2) Vous aurez a compiler  K3DSurf en utilisant Qt et GCC

Il serait préférable que la personne interessée soit un peu familier avec GCC et Qt et qu'il soit capable de créer des paquages binaires mais vous n'aurez pas a programmer quoi que ce soit, juste a adapter l'interface du logiciel a la plateforme Mac (en utilisant Designer de Qt). 
Le code source de la derniere version(0.5.3) ainsi que les binaires pour Windows et Linux sont disponible ici :
http://kde-apps.org/content/show.php?content=25049 . 
Ca se compile parfaitement sous Mac mais l'interface graphique doit être légerement changée en utilisant Designer.
Si ca vous interesse, contacter moi le plus vite possible.
Merci d'avance.


----------



## AM28 (17 Octobre 2005)

nextstep a dit:
			
		

> Salut tlm,
> Je develope un logiciel de dessin mathématique qui s'appelle K3DSurf et suite a une indisponibilité actuelle du mainteneur du binaire pour Mac, je lance ici un appel pour une ou plusieurs personnes interessées a participer a ce projet.
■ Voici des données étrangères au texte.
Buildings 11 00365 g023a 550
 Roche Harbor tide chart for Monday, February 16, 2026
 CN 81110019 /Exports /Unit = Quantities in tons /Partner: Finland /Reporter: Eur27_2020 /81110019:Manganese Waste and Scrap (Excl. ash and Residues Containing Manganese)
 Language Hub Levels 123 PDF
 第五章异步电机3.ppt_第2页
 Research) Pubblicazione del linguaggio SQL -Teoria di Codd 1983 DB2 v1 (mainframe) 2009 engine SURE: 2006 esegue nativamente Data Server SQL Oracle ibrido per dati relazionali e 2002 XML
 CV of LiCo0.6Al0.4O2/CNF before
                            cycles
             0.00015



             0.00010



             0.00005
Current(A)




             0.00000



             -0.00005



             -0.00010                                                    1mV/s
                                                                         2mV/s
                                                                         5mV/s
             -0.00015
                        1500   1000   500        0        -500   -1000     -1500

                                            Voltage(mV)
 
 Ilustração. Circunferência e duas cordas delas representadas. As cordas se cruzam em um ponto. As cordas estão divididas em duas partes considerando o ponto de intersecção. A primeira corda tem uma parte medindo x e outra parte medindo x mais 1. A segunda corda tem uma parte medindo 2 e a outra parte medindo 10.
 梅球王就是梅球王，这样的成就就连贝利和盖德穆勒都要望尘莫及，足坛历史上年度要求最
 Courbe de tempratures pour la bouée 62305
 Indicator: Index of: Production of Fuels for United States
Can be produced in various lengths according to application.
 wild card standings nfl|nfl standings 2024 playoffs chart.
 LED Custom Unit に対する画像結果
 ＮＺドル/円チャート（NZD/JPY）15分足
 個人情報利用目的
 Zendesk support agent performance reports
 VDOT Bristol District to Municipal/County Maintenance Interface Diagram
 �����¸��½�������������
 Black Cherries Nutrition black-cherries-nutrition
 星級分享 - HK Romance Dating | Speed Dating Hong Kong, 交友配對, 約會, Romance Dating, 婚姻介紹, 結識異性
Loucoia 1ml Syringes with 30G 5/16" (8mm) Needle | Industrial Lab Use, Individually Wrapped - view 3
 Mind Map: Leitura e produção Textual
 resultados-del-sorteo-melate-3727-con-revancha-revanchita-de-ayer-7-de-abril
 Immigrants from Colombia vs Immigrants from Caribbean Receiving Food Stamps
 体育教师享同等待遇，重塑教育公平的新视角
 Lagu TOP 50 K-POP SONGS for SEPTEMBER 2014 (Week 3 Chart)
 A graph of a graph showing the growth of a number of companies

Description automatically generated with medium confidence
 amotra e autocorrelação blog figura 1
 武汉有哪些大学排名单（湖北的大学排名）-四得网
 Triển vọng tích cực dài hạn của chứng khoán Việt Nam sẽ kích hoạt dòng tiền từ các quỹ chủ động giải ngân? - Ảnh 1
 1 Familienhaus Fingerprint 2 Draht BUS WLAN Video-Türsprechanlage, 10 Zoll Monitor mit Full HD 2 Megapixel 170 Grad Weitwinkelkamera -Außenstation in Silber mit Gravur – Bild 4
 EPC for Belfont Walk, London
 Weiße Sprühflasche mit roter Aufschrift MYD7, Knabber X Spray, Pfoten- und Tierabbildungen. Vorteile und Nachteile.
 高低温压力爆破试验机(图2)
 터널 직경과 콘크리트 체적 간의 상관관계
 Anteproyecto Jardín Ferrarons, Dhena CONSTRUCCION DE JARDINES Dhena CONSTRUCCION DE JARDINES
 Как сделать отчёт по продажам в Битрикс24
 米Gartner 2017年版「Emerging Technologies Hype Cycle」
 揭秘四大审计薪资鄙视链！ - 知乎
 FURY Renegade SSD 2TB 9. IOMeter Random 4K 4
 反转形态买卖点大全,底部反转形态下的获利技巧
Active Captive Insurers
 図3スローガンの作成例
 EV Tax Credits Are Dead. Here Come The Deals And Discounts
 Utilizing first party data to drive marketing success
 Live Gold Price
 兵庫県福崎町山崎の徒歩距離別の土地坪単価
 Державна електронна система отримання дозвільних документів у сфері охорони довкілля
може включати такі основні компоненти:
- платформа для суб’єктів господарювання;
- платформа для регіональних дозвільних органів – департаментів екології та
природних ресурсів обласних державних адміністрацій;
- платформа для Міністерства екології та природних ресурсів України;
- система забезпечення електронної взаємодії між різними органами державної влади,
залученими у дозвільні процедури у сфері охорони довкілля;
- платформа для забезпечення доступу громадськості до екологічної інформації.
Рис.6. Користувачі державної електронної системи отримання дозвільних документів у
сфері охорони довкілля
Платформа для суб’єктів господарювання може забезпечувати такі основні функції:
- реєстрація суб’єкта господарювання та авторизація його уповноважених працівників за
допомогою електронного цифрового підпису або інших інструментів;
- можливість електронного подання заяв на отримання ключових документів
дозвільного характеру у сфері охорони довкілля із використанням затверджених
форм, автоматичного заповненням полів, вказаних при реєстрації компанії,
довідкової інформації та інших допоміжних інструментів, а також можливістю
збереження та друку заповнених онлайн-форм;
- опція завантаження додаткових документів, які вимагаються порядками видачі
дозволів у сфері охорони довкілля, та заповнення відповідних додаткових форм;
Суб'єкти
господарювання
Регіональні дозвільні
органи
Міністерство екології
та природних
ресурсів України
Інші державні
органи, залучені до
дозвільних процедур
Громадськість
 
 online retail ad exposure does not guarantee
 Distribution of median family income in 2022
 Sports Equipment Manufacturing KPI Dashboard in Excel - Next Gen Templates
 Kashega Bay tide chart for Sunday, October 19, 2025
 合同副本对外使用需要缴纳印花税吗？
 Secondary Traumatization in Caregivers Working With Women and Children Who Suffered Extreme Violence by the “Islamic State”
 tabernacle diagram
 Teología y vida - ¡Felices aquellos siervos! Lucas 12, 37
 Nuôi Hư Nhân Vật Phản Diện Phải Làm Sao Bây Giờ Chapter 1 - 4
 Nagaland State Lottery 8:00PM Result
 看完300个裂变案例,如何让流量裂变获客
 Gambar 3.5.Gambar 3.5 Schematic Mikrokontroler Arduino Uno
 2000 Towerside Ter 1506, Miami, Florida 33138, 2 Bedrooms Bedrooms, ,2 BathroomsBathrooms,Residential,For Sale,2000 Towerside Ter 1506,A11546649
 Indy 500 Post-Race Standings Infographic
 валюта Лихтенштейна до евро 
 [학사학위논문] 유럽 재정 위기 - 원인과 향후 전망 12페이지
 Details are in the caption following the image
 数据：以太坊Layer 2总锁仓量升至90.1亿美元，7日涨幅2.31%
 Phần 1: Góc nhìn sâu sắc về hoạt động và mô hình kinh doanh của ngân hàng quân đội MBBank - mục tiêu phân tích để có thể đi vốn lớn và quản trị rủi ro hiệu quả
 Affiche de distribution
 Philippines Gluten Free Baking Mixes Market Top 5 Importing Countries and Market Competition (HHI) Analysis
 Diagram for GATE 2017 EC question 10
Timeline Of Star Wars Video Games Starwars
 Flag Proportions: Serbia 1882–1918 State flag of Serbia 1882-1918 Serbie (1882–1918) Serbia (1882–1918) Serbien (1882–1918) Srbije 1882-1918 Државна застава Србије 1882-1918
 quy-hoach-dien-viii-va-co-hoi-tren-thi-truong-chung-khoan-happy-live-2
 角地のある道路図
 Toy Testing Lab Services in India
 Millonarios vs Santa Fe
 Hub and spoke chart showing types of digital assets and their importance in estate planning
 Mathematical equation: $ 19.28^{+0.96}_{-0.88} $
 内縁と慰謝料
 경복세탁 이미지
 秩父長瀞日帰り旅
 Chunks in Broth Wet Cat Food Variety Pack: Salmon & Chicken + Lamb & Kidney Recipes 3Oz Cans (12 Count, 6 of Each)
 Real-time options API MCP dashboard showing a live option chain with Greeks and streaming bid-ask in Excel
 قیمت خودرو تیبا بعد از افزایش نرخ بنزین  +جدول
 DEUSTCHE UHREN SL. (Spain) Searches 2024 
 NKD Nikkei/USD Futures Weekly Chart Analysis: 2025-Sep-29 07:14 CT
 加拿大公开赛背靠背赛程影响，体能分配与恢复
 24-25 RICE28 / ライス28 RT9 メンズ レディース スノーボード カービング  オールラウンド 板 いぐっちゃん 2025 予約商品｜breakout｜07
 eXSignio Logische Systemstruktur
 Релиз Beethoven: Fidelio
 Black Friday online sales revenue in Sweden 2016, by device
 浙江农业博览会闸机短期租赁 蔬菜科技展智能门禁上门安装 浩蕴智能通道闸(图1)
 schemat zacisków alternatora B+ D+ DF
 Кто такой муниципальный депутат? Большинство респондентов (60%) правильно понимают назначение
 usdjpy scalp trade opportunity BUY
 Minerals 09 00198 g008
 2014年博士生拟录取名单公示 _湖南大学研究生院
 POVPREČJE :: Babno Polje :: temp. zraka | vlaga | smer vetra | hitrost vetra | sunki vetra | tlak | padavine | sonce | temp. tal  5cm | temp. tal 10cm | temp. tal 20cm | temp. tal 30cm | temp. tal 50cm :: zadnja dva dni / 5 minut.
Rappel:
> 1) K3DSurf est un logiciel graphique en licence GPL :
> http://k3dsurf.sourceforge.net/
> ...


 
Beau travail


----------



## nextstep (17 Octobre 2005)

Merci AM28


----------



## tatouille (18 Octobre 2005)

ce serait mieux sans qt ...


----------



## nextstep (18 Octobre 2005)

tatouille a dit:
			
		

> ce serait mieux sans qt ...


 Peut être que Qt ne peut  pas rivaliser avec une librairie native d'un systeme mais c'est le meilleur choix qui existe actuellement pour programmer des applications multiplatformes (Gtk n'est pas mal non plus...). Avec la dernière version 4 de Qt, le fonctionnement est encore meilleure et en plus elle est sous licence GPL. K3DSurf a été developpé sous Linux mais fonctionne aussi sous Windows et Mac. Je pense que Qt est indispensable pour des applications qui se veulent portables (ce qui est le cas de K3DSurf), le reste peut être codé avec des librairies spécifiques qui profitent au maximum des avantages de l'OS.


----------



## nextstep (30 Octobre 2005)

Le résultat avec Qt est  tout de même bien plus que correct je pense...


----------